Iran to launch observation satellite on nuclear talks day
Iran will launch next week an experimental observation satellite, on the day of talks with world powers over its controversial nuclear programme, the official IRNA news agency reported on Monday.
"The Fajr satellite will be launched on Khordad 3 (May 23)," the director of the Aerospace Industries Mehdi Farahi was quoted as telling.
It will be the fourth satellite sent into space since 2009 by Iran, whose space programme has attracted the concern of international community which is suspecting Tehran is seeking to develop long-range ballistic missiles capable of carrying conventional warheads or nuclear ones.

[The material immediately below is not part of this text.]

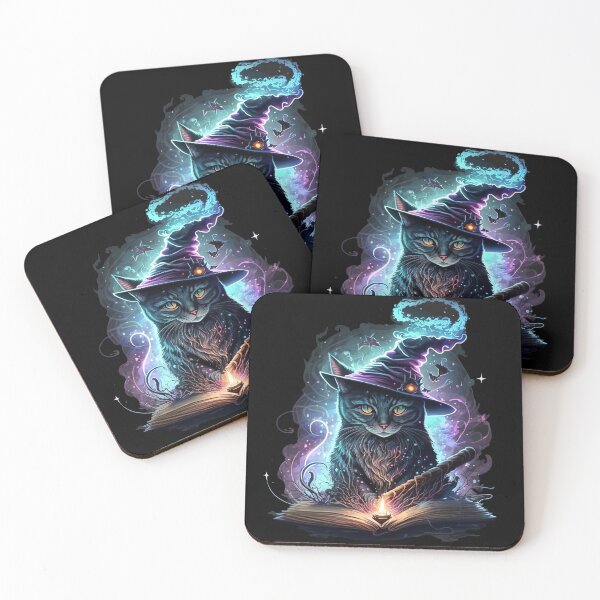 Item preview, Spellbook Arcane Cat With Hat designed and sold by 9LivesCats.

This is the first time that the Islamic republic has announced in advance a date for the launch of a satellite. Previous launches were reported after the operations were successfully undertaken.
On May 23 Iran opens talks with world powers in Baghdad over Tehran's disputed nuclear programme which has been denounced by several members of the UN Security Council.

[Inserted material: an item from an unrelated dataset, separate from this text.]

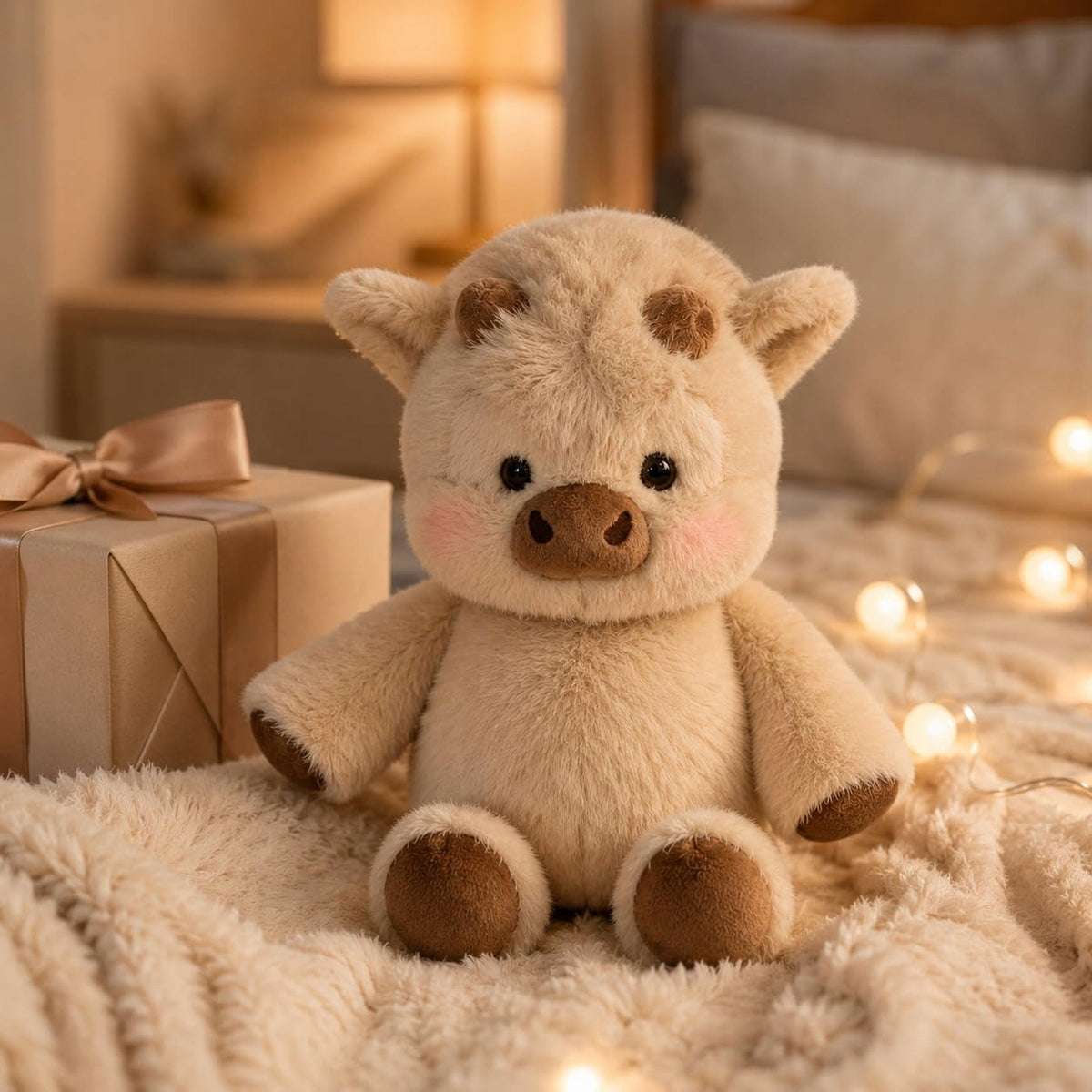 RUNNING COW PLUSH TOY PILLOW PLUSH CUDDLY PLUSH TOY 45cm Manufacturer code C051-BN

The Security Council has imposed on Iran an almost total embargo on nuclear and space technologies since 2007.
Part of the international community, namely the West, suspects Iran, despite its denials, of seeking to develop nuclear weapons with the ultimate goal to be able to equip its missiles.
Iran's previous satellite launches triggered condemnation from the West who accused Tehran of "provocation."
The Fajr (Dawn) satellite was presented by the Iranian officials as "an observation and measurement" satellite weighing 50 kilos (110 pounds), built by Sa-Iran, a company affiliated to the defence ministry.
Fajr, which is equipped with solar panels, has an expected life of 18 months, much longer than the three previous observation equipment or experimental communications satellite already put into orbit by Iran which lasted a few weeks.
Iran has so far launched Omid in February 2009, Rassad in June 2011 and Navid in February 2012.
Farahi said that Fajr would be launched by Safir-B1 rocket which is able to place a load of 50 kilos on a low orbit of 300 to 450 kilometres (186-279 miles).
According to experts, the Safir-B1 is close to the Iranian ballistic missile Shahab-3 which is derived from the North Korean No-Dong missile.
Farahi said the aero-space industry has employed 10,000 Iranian directly and another 500,000 indirectly.